Xenokratis Vartzikos/iStock via Getty Images

Trex (NYSE:TREX) has lost nearly 46% of its value in the past year and is one of the worst performers in the Vanguard Industrials ETF (VIS). Over the past decade, Trex has made tremendous progress in improving its profit margins and financial performance. But, the company remains heavily dependent on the home market and renovations. Consumers may begin to pull back on spending on their homes after two years of frantic spending. The high-interest rate environment and high inflation may take a bite out of consumer spending in the coming months. More importantly, there may have been a pull forward in demand during 2020 and 2021, which can further contribute to lowering sales in the short term. The company is fully priced or even a bit over-valued at current levels with a forward PE of 20x. The long-term prospects look bright for the company, but investors should expect further weakness in the stock in the short term.

A Great Turnaround Story

Fifteen years ago, I did not think there was any investor who predicted the turnaround at this company. In 2007, the company had booked a net loss of $65 million and an EBITDA loss of $57 million on $328.9 million in revenue. In 2007, the company had a meager gross margin of 11.9% [Exhibit 1]. But, by the following year, the company had improved its gross margin to 27%. In 2021, the company had a gross margin of 38.4%. Meanwhile, the company has grown its revenue from $328.9 million in 2007 to $1.196 billion in 2021. In the past few years, the company has grown revenues at a double-digit pace [Exhibit 2]. The company was able to turn around its operating margins too. Since 2016, the company has consistently maintained operating margins above 21%. It is no wonder that the company’s price return stands at over 1200% in ten years [Exhibit 3]. But, you cannot ignore the fact that the ultra-loose monetary policy of the U.S. Federal Reserve over the past ten years kept interest rates artificially low and thus aided the recovery of the housing market. Trex may have benefitted from the loose monetary policy.

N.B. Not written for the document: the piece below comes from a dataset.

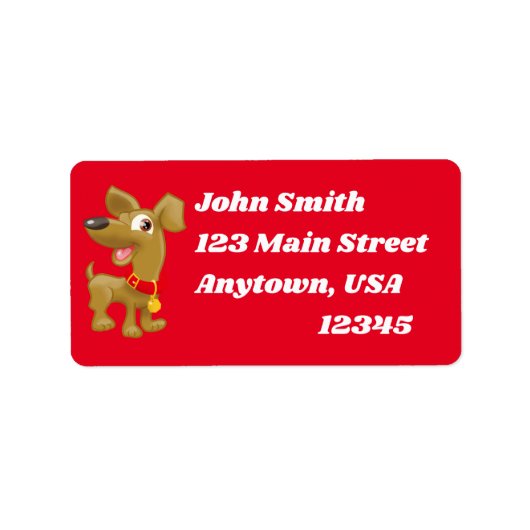 Cartoon Dog Label (Voorkant)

Exhibit 1: Trex Revenue and Gross Margin [2007-2021]

Trex Revenue and Gross Margin [2007-2021]

Trex Revenue and Gross Margin [2007-2021] (SEC.GOV, Author Compilation)

Exhibit 2: Trex Year-over-Year Revenue Growth Rate [2017-2021]

Trex Year-over-Year Revenue Growth Rate [2017-2021]

Trex Year-over-Year Revenue Growth Rate [2017-2021] (SEC.GOV, Author Compilation)

Exhibit 3: Trex’s Price Return Over a 10-Year Period

Trex's Price Return Over a 10-Year Period

Trex’s Price Return Over a 10-Year Period (Seeking Alpha)

The company continued to see strong growth in Q1 2022. Trex’s sales to the residential market increased by 40% year-over-year, led by double-digit gains in both volume and price. For the quarter ending March 31, 2022, the company increased sales by 38% compared to the same quarter in 2021. Total sales came in at $339.22 million in the quarter compared to $$245.52 million in the quarter ending March 2021. Gross margins stood at 39.7% in the quarter compared to 39.02% for the quarter ending March 2021 – a 68 basis point improvement.

Earnings per share increased by 47.6%. Share buybacks assisted EPS growth only slightly, reducing the diluted share count by 1.163 million. The company has shown impressive growth in EPS irrespective of the share buybacks. If the company had kept the diluted share count at the March 2021 level of 116.01 million, EPS would have been $0.613 compared to $0.62 based on the reduced count of diluted shares. The company has guided double-digit growth in 2022, driven by both price increases and more homeowners moving from wood to composite decks. Analysts estimate the company’s FY 2022 EPS to be $2.48. That would give the stock a PE multiple of 21x. I would invest money if Trex traded between 14x and 16x or at an EV to EBITDA multiple of between 9x and 11x. The past two decades, marked by low-interest rates and inflation, may be an aberration. We may have entered a tumultuous new phase in the global economy characterized by low growth rates and higher inflation compared to the past. The company does not offer a dividend. Investing might be easier if the company provided at least a 2% dividend. The company does not carry any debt. Currently, many uncertainties in the demand environment could hurt Trex.

Price Return Comparison

Given Trex’s products and end-markets, it is evident that the company aligns with the housing market than the industrial products market. Over the past year, the daily price returns of Trex have a positive correlation of 0.59 with the Vanguard Industrials ETF. Trex has a daily price return correlation of 0.73 and 0.7 with the SPDR Homebuilders ETF (XHB) and the iShares U.S. Home Construction ETF (ITB). But, the markets have battered Trex’s stock [down 45% in the past year] when compared to SPDR Homebuilders ETF [down 26.4%] and the iShares U.S. Home Construction ETF [down 26.9%]. Trex trades closely with the homebuilder’s ETF but is more volatile than those two ETFs at this time. The Vanguard Industrials ETF is only down 17.2% in the past year. Given such a lopsided performance of Trex, markets may be signaling that the company has to prove itself in the second half of the year by posting stellar performance when faced with high-interest rates. The markets may also be anticipating a steep drop-off in home remodeling efforts and a downward revision in earnings.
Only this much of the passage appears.